◆ Activity: Copy exactly the lines of the data below, beginning with the line with "You'll also see" and ending with the line with "We know that". Pictures are to be omitted.

== Records shown ==

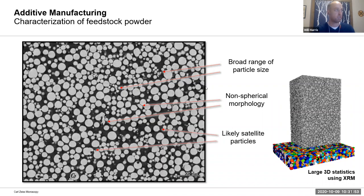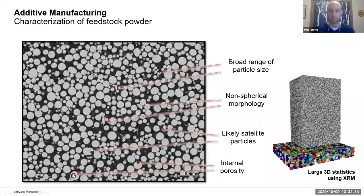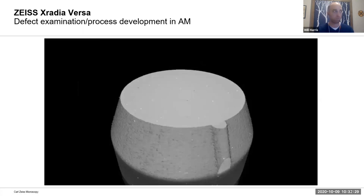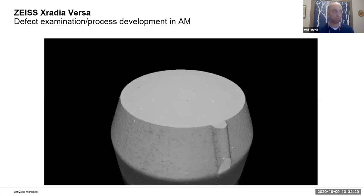One of the things we can do when interrogating powders in 3D is look at different types of features that would impact performance in the printing process — things like the range of particle sizes, non-spherical geometry in 3D, so-called satellite particles that are clinging onto bigger ones, and most interestingly internal porosity: what looks like a big particle but is actually a void inside. Once you use this to print a 3D structure, you want to evaluate the quality of that print for defects during the build process.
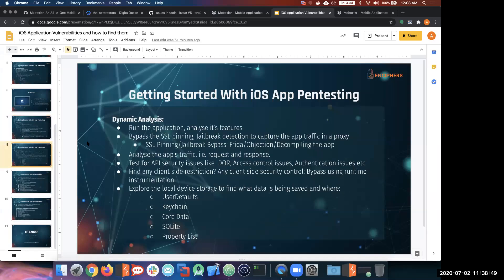The second part is dynamic analysis. In dynamic analysis, we actually install the application on the device, run it, and analyze its features. First, run the application, look into the different features it provides, make a note of all security controls, and then verify whether these security controls are only on the client side or whether there is also validation at the backend API server.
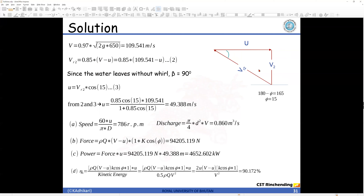From equations 2 and 3, substituting Vr2 and solving for u gives u = 49.38 m/s.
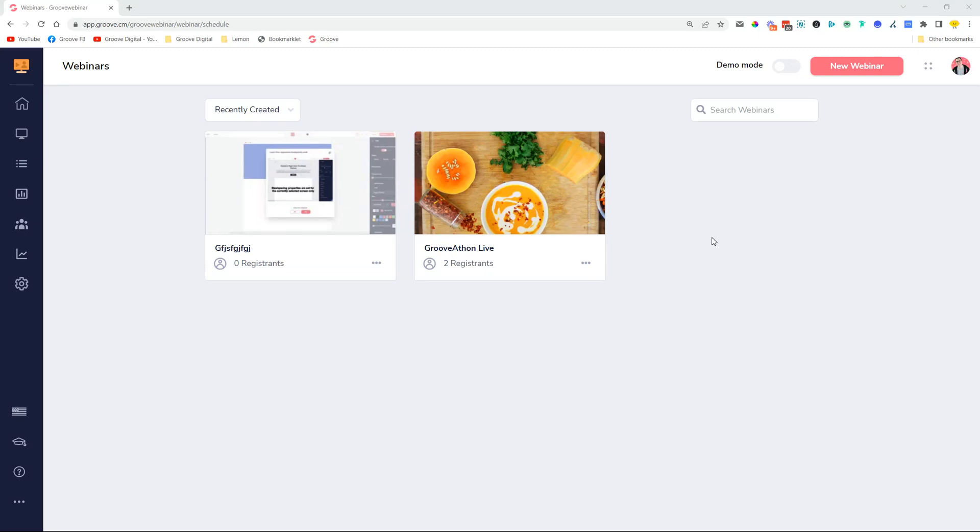Hey guys, David Lemon here. I just wanted to create a short video about the changes that were deployed for Groove Webinar. In Groove Webinar, we have added a couple of things, like for example, we added a demo mode.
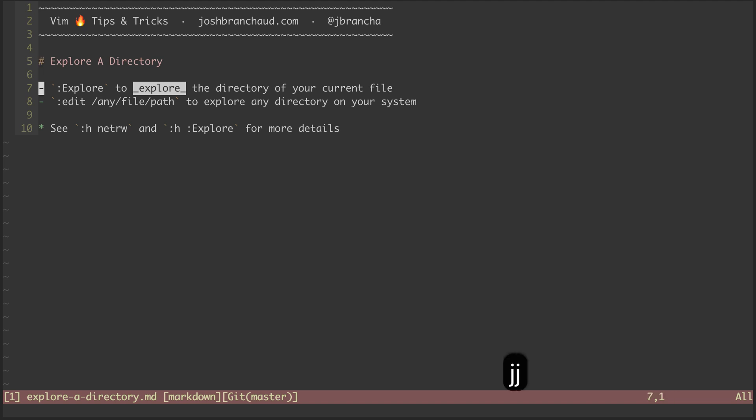To start, I can run the explore command to view the directory of my current file. Let's try it out.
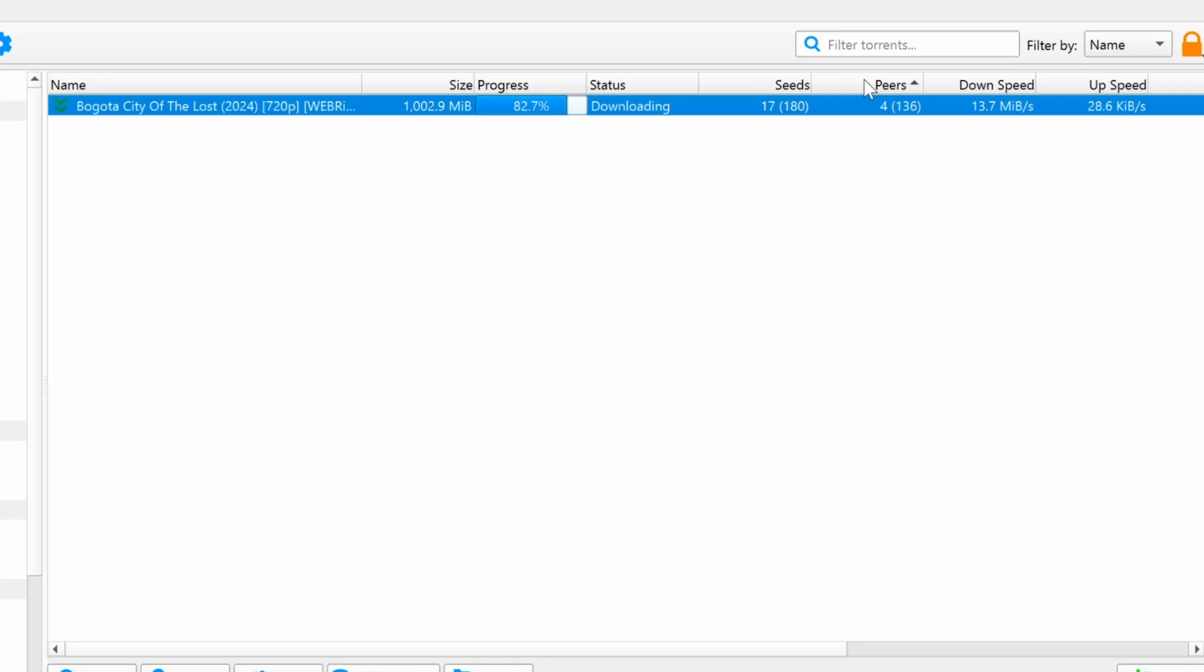You'll also see Seeds and Peers, which indicate the number of sources available. The higher the number of seeds, the faster the download speed. The columns Down Speed and Up Speed show the current download and upload speeds.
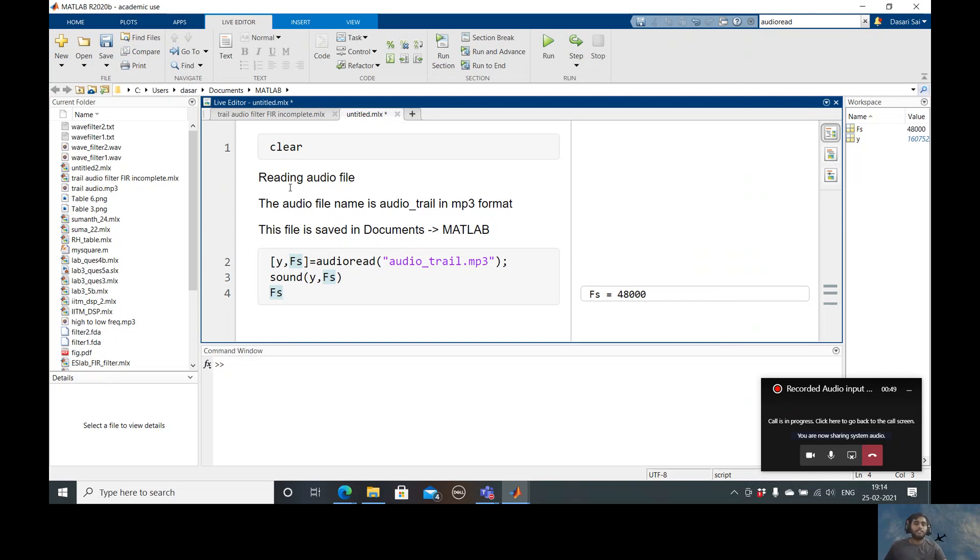We know that the clear command is used to clear the workspace, and this is the important part right here.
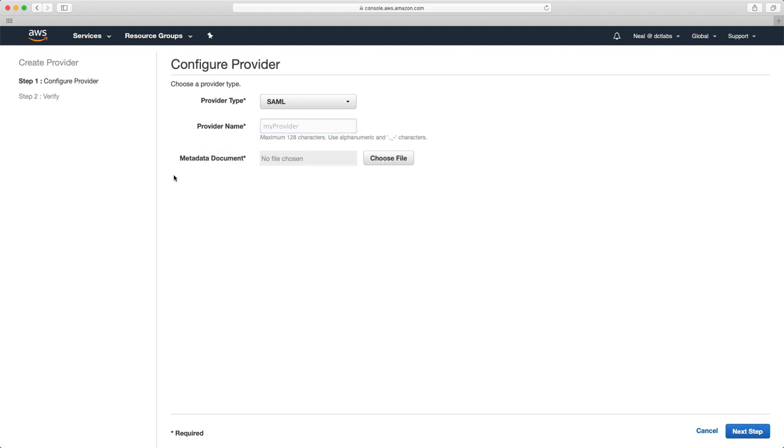Now we're not going to create any of this. I don't have an Active Directory to configure here. It wouldn't prove an awful lot anyway. I suppose I could show you how users could then authenticate to an AWS service, but it's probably more than you need to know. You just need to understand what an identity provider is and what the options are that are available.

===

◆ Solution for this problem:
You'll also see Seeds and Peers, which indicate the number of sources available. The higher the number of seeds, the faster the download speed. The columns Down Speed and Up Speed show the current download and upload speeds.
We know that the clear command is used to clear the workspace, and this is the important part right here.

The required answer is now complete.